In the core of the so-called intelligence lies reasoning. Types of reasoning can be broadly classified into two classes: formal and informal. Formal reasoning is the driving tool of maths and the natural sciences. Informal reasoning, on the other hand, facilitates fuzzy interactions among humans. In formal reasoning, you are concerned with proofs and the like. So what are you concerned in informal reasoning? Argumentation.
The study of argumentation can be traced back to the Greek philosophers like Aristotle and Socrates, one of which is attributed for the famous syllogy that “All men are mortal. Socrates are a man. Therefore, Socrates are mortal.” Modern argumentation seems to have converged on the theory by Stephen Toulmin in his 1958 book “The Uses of Argument”. The book seems to have proposed the vocabulary to talk about an argument, including its components and their relations.
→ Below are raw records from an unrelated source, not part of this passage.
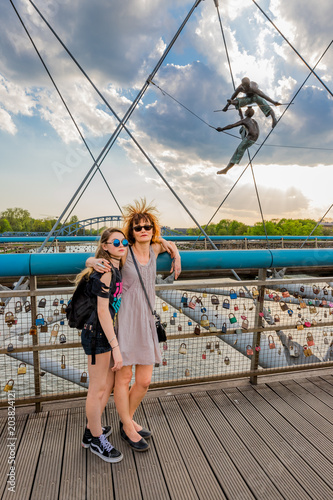 Femme sur la passerelle père Bernatek au dessus du Vistule à Cracovie photo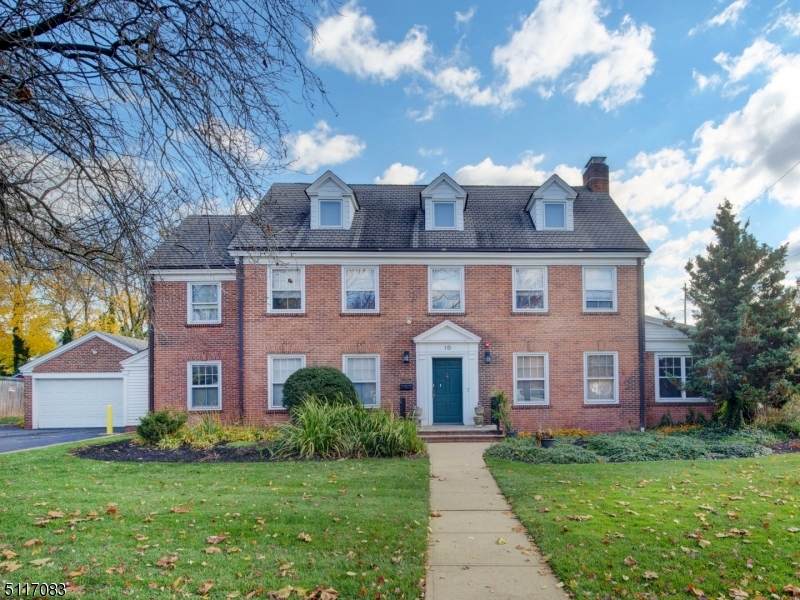 10 Codington Pl - Photo 1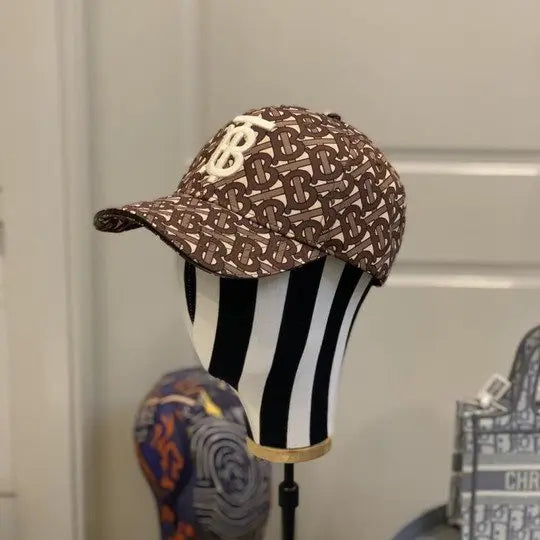 BURBERRY- BASEBALL CAP Metroutfits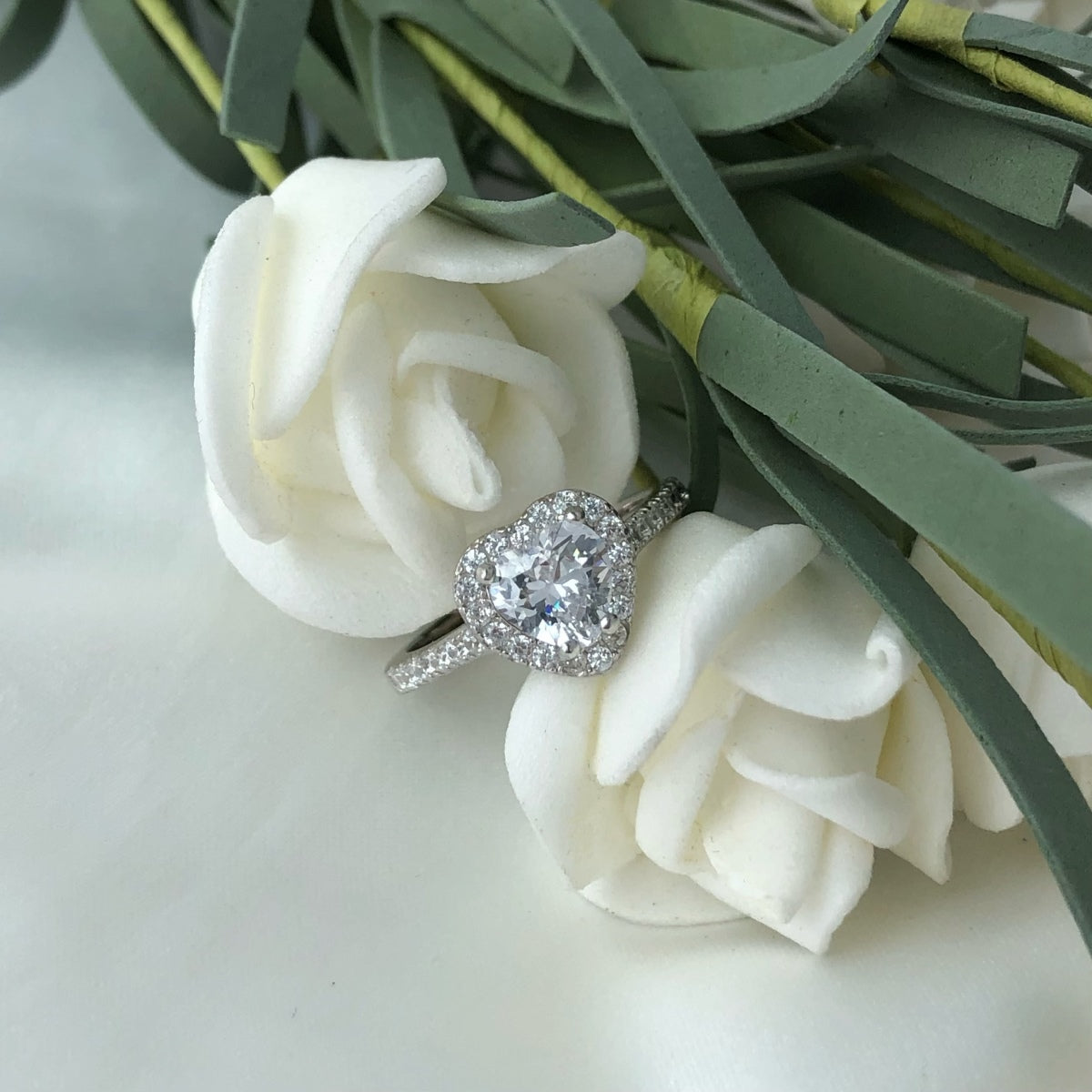 [Violet JW]Eternity Splashy Romantic Heart Shape Lover Ring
With the invention language technologies, computers have been more capable of processing human arguments. Like the processing of anything, argumentation processing contains two main problem classes: argument understanding and argument generation.
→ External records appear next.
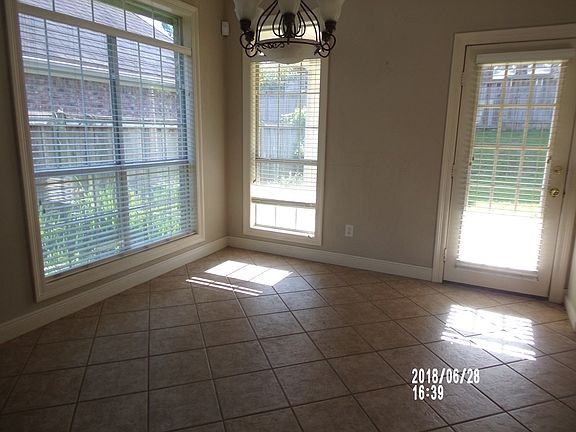 3rd image of 205 Pear Orchard Dr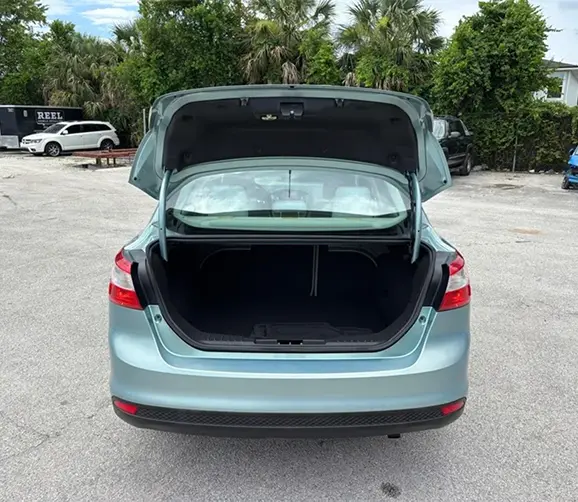 Ford Focus rear three-quarter view
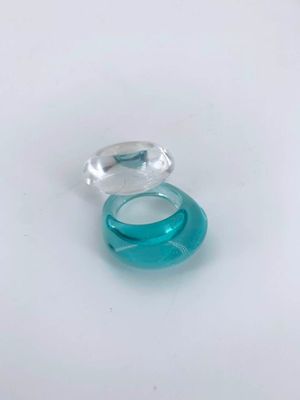 BACCARAT : Deux bagues jonc en cristal, l'une transparente (… - Photo 1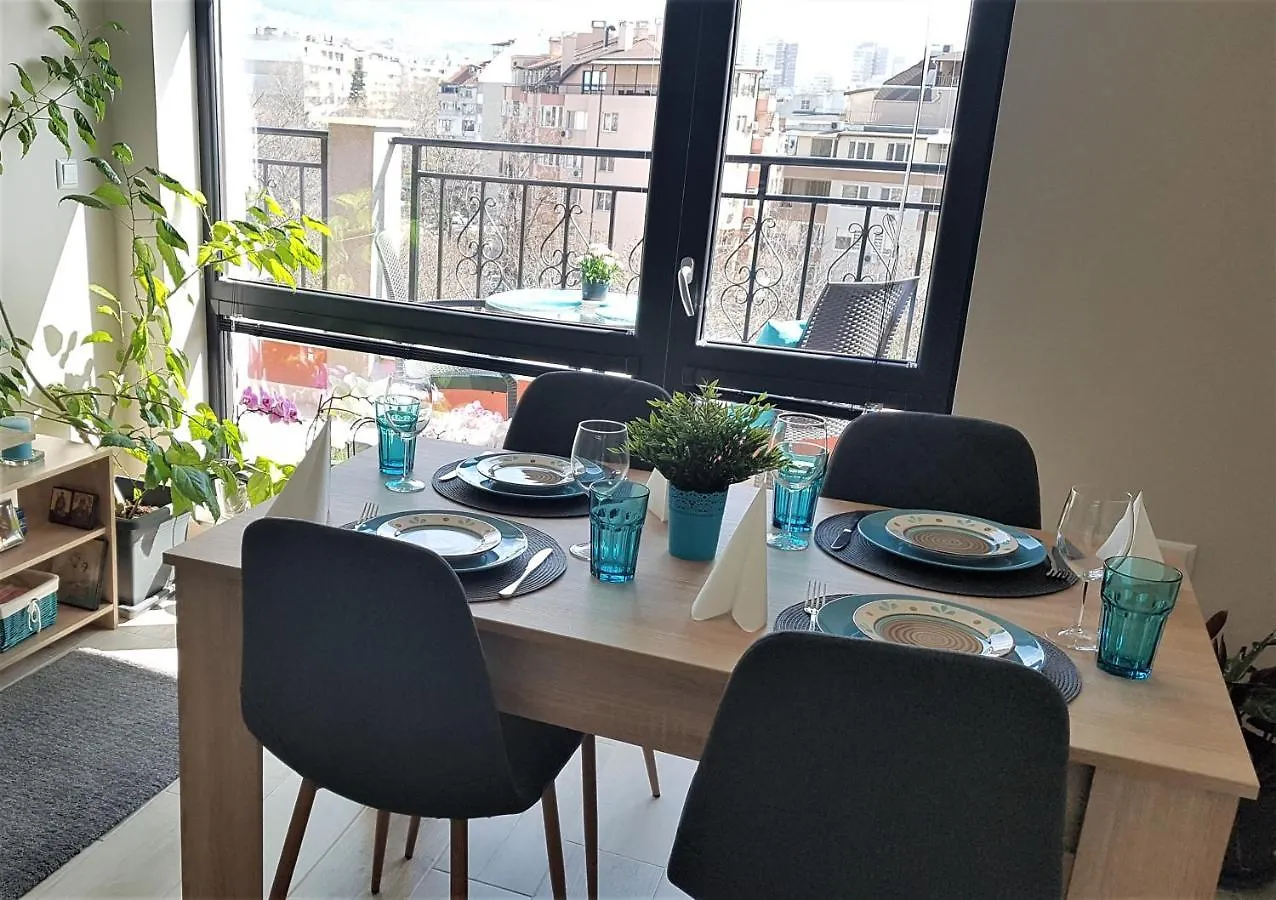 Azzurro-Top Floor Apartment In Quiet Neighborhood, Free Private Parking Varna Bulgaria
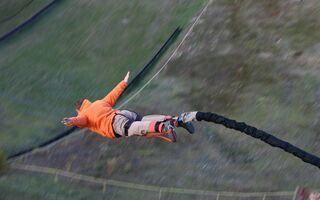 Bungee jumping - Bungee jumping z věže ve dvou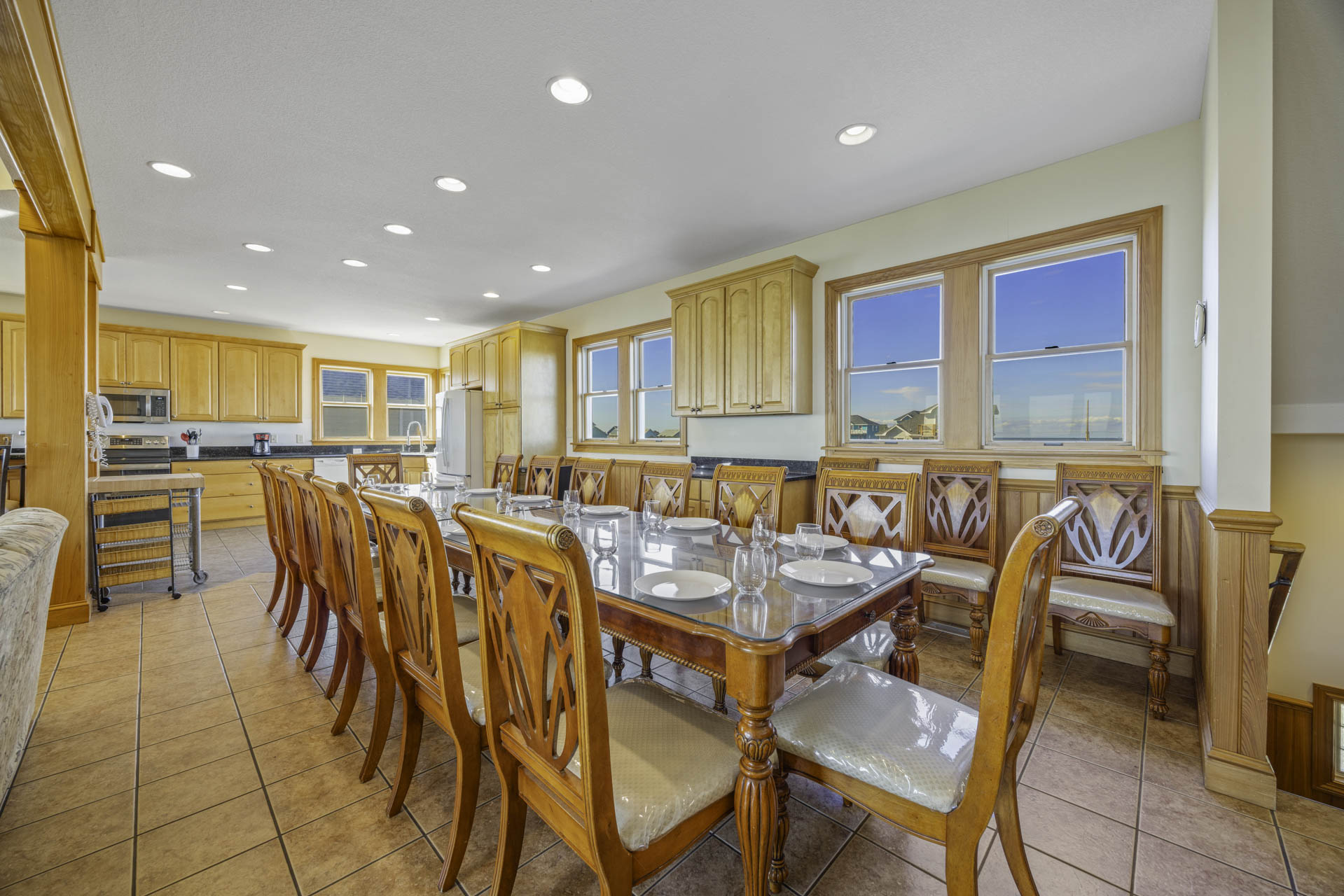 Surf Or Sound Realty 369 Sea Mist Dining 4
- For understanding, given an argumentative document, a computer can restate the topic, the stance, and even recover the entire argument’s structure in a graph following Toulmin’s model.
- For generation, a computer can sometimes convince humans completely in a debate. Such a system was developed by IBM. On the importance of this technology, Geofrey Hinton once said in a panel discussion1 roughly that, a more productive standard for AGI is whether an AI can convincingly wins a human in a debate.
Reasoning and argumentation are closely related, if not identical. Reasoning is usually to answer a question, and is typically a solitary activity. Argumentation, on the other hand, is usually about defending a standpoint and attacking another, and typically done between at least 2 parties. However, those differences are superficial and requires the same underlying skill! Answering a question is essentially exploring the possible stances and arguing for all of them alternatingly until the reasoning body sees a stance to be clearly more convincing. Argumentation, if done right, is just a team effort to reason on a question. Therefore, those who work on AI reasoning could benefit by learning from the body of work in computational argumentation.
What do Computational Argument’s literature has to offer? Via argument understanding2, an AI can verify its own natural-language reasoning tokens by looking at the underlying argument structure in a graphical form. Using the metric of reasonableness (which is close to natural language entailment assessment, another well-developed technology), a computer can rigorously reflects on its own thoughts without hallucinating. And overtime, with more evidence, it can updates it beliefs. It is a good exercise to compare this model of beliefs with Bayesian belief network and combine ideas. And eventually, an AI well-versed in argumentation will be well-versed in self-understanding, reasoning, and truth seeking.
When an AI says things that you can’t deny, it is very hard to ignore that it is more intelligent than you.